Like his close associates Lourdes Gomez Franca and Dionisio Perkins, Jorge - the oldest of the three - is considered part of the modernist Vieja Guardia of Cuban Art that followed the Vanguardia movement. Showing the influence of architecture, Jorge often used color to highlight and draw contrast to form, figures, and patterns in order to keep these elements at the forefront. Jorge often utilized tropical flourishes that meshed the rigidity of geometric and mechanized elements with flowing and branch-like organic embellishments, such leaves. When he applied this approach to subjects such as faces, as in his Profeta (“Prophet”) series, it would create surrealistic effects informed by his psychological and intellectual approach. Cuban art scholar and former Director of the Museum of Modern Art of Latin America Jose Gomez-Sicre wrote the introduction for Jorge's work exhibited in the Lowe Museum's 1978 traveling exhibition and described Jorge' style as “gliding from melodious curves to cutting edges [...] mixing and forming shapes to make baroque tangles with insinuations of vines or wicker.”

Jorge's mediums included watercolor, acrylic paint, pastels, marker, pencil, and oil paintings on either canvas or paper. Jorge typically signed his works with an addition sign (+) followed by Miguel Jorge, Micky Jorge, or MJ.

==Reputation and legacy==

Miguel Jorge's career has been discussed in published literature of Cuban, Latin American, and American art, including the books Cuban-American Art in Miami: Exile, Identity and the Neo-Baroque and The Cuban-American Experience: Culture, Images, and Perspectives, Memoria: Cuban Art of the 20th Century as well as media and literary publications such as The Miami Herald, The Miami Times, the American Library Association’s Choice, Gables Living Magazine, and Latin American art journal Resumen.

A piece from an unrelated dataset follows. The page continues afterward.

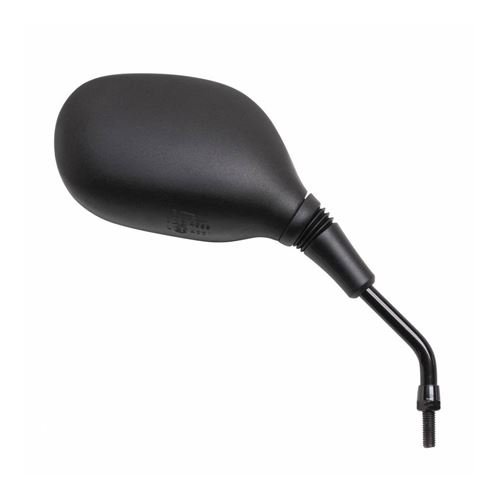 Retroviseur scoot adaptable mbk 50 booster spirit, ng, stunt, nitro-yamaha bws original, ng, slider, aerox droit (homologue ce)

Jorge exhibited extensively in both individual and group showings throughout Cuba, Spain, and the United States. In 1981 Jorge won the Central National Bank of Miami Award at the Metropolitan Museum of Fine Art. He is credited as founding member Miami’s Latin American art market and became closely associated with other leading participants, including the Grupo GALA, Juan González, the Permuys, and particularly Dionisio Perkins and Lourdes Gomez Franca. In his final years Jorge helped spearhead the landmark "Miami Generation" exhibitions to spotlight and support the first generation of Cuban exile artists that were educated in South Florida and the United States. His work with Gomez Franca and Perkins would also influence younger generations of Miami artists, such as the “Miami Generation” of the 1980s. Notable examples include Humberto Calzada, who Jorge mentored, and Pablo Cano, who would eventually collaborate extensively with Gomez Franca beginning in the 1980s and 1990s.

The year following his death, the Cuban Museum of Arts and Culture held a tribute exhibition of Jorge's work in recognition of his life and career in the arts. The exhibition was held from January 24 - February 24 of 1985 and featured painted works from his Profeta series, ceramics, and Jorge’s portrait series of notable figures in his circle including: Dennis Perkins, Lourdes Gomez Franca, Marta Permuy, Juan Gonzalez, Jose Mijares, Baruj Salinas, Humberto Calzada, Rafael Consuegra, art critic Lillian Dobbs, as well as Cuban socialite and Vanguardia patron Maria Luisa Gomez Mena. Works were also loaned to the exhibition from the private collections of Margarita and Pablo Cano, the Jorge family, and other collectors of Jorge’s works.

Gomez Franca dedicated her 1989 poetry collection The Thorns are Green My Friend to Jorge after his death.

Due to his cultural significance to South Florida and the Cuban diaspora, the University of Miami maintains records of Jorge's career in the Artist Files of its Cuban Heritage Collection. Jorge's artwork is featured in several prominent collections of Latin American Art, including the Lowe Art Museum as well as the Permuy and Pinedo Collections.